These are relevant references from the Books where Circumstantial is mentioned.
I make no pronouncements on these matters, but report them as I find them.
Arrive at your own conclusions.

I wish you well,
Fogaban






Supporting References

"This fellow," I said to the crowd, "is a thief. He stole three letters from me. I mean to have them back."

"I am not a thief," said the fellow.

"Did you see him steal the letters?" asked a fellow.

"No," I said.

"Did someone else, then?" asked another.

"No," I said, irritably.

"How do you know he took them then?" asked a fellow. It seemed a fair question.

"You have not recovered the letters from him," said another. "Does that not suggest that you might be mistaken?"

I opened the fellow's pouch. It contained coins, but there were no letters within it.

I poured the coins back into the pouch, and pulled shut its drawstrings.

"Where have you hidden the letters?" I asked the fellow. My voice was not pleasant.

"I do not know anything about your letters," he whispered. I think he had little doubt that I was in earnest.
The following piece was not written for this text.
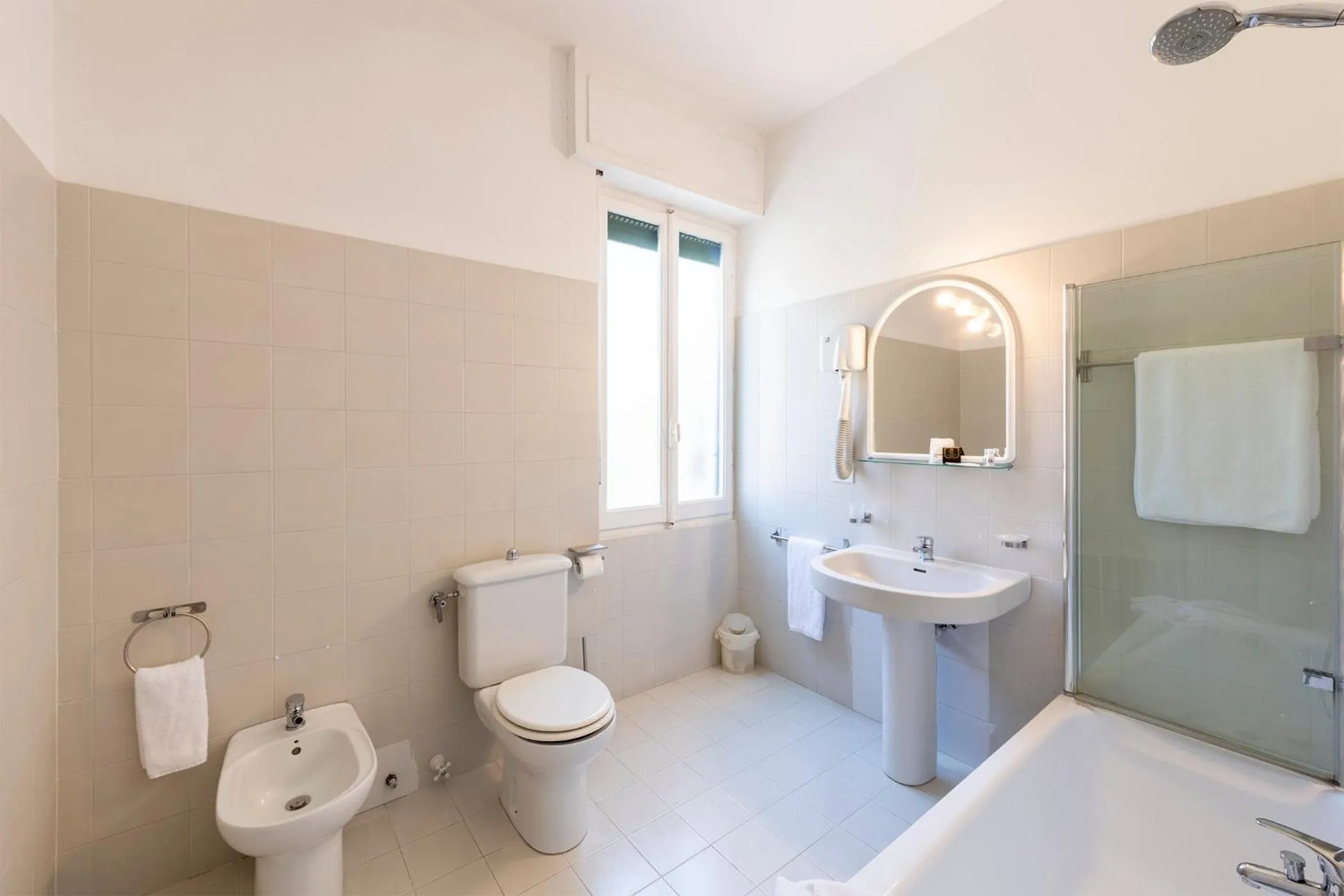 Shower in Hotel San Michele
He was frightened.

"Have you sold them already?" I asked.

"I do not know anything about them," he said. "Are you not a thief?"

"No," I said.

"Release him," said a man.

"You have no proof," said another.

"He has a sword," said a man. "He does not need proof."

"Let the fellow go," said another man.

"He is a thief," I said, angrily.

"I am not a thief," said the fellow.

"He is not a thief," said another man.

"He is a well-known thief from Torcadino," I said.

"Nonsense," said a man.

"Who do you think he is?" asked another fellow.
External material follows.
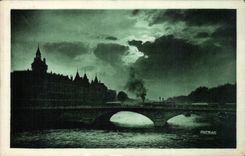 Paris CPA Coucher de soleil sur la Seine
"Ephialtes, of Torcadino," I said.

"I am not Ephialtes," said the man.

"He is not Ephialtes," said another fellow.

"He has been so identified for me, days ago," I said.

"And who made this identification?" asked a fellow.

"I do not now see him about," I said.

"That is not Ephialtes," said a man.

"Even if it were," said another fellow, "you apparently did not see the theft, and do not have clear evidence, even of a circumstantial nature, that he is the culprit." The fellow who had said this wore the blue of the scribes. He may even have been a Scribe of the law.
Mercenaries of Gor     Book 21     Pages 243 - 244


"The jury will note," sounded the voice of the judge, which seemed to come from everywhere in the room, the platform translator producing this in Gorean almost immediately, "that the guilt of Lord Pyrrhus is overwhelmingly clear, albeit largely circumstantial. The aberration of a witness, or the obscurity of its testimony, must not be permitted to distract your attention from either the charges or the indisputable and incontrovertible evidence on which they are based. The jury may now deliberate."